The Last Ronin is a 2020 comic series — the first collaboration in years between TMNT co-creators Kevin Eastman and Peter Laird, drawing on story ideas they originally developed in the 1980s. The premise is bleak: all but one Turtle has been killed fighting the Foot Clan, and the sole survivor carries the entire TMNT arsenal — Leonardo's katanas, Raphael's sais, Donatello's bo staff, and Michelangelo's nunchucks. That setup maps naturally onto a God of War-style combat system where players swap weapons on the fly, much like Kratos switches between the Blades of Chaos and the Leviathan Axe. The franchise has already expanded well beyond the original five-issue run: The Last Ronin – The Lost Years serves as both prequel and sequel, The Last Ronin II – Re-Evolution was announced at Comic-Con 2023, and a third volume is in the works. A brief teaser trailer for the game shows candles being snuffed out against a backdrop of carnage, with a single black ninja mask left standing — suggesting the adaptation will stay close to the source material's tone.
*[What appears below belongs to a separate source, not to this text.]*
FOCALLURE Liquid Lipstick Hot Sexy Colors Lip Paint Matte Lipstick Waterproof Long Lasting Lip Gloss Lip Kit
The comic is often compared to Batman: The Dark Knight Returns — a darker, grimmer take on a beloved franchise set in a dystopian future. Unlike most TMNT games, which recycle the same Shredder-kidnaps-April formula, The Last Ronin is an emotionally driven revenge story about a lone survivor mourning his father and brothers. Crucially, it isn't just grimdark for its own sake — the Ronin's arc is ultimately about rediscovering hope, which gives the story real weight. April O'Neil and her daughter Casey Marie, a self-taught ninja, are both alive in this future timeline, and Casey could function as a secondary playable character — essentially the Atreus role from God of War.

If the game uses flashback sequences — potentially structured like Halo 3: ODST, which regularly shifted perspective to other squad members — players could briefly control each of the fallen Turtles before their deaths, introducing distinct fighting styles organically. The Lost Years material gives PlatinumGames plenty of backstory to mine beyond the original comic's climactic events. No gameplay details or release window have been announced yet, but the raw material is there for something genuinely special.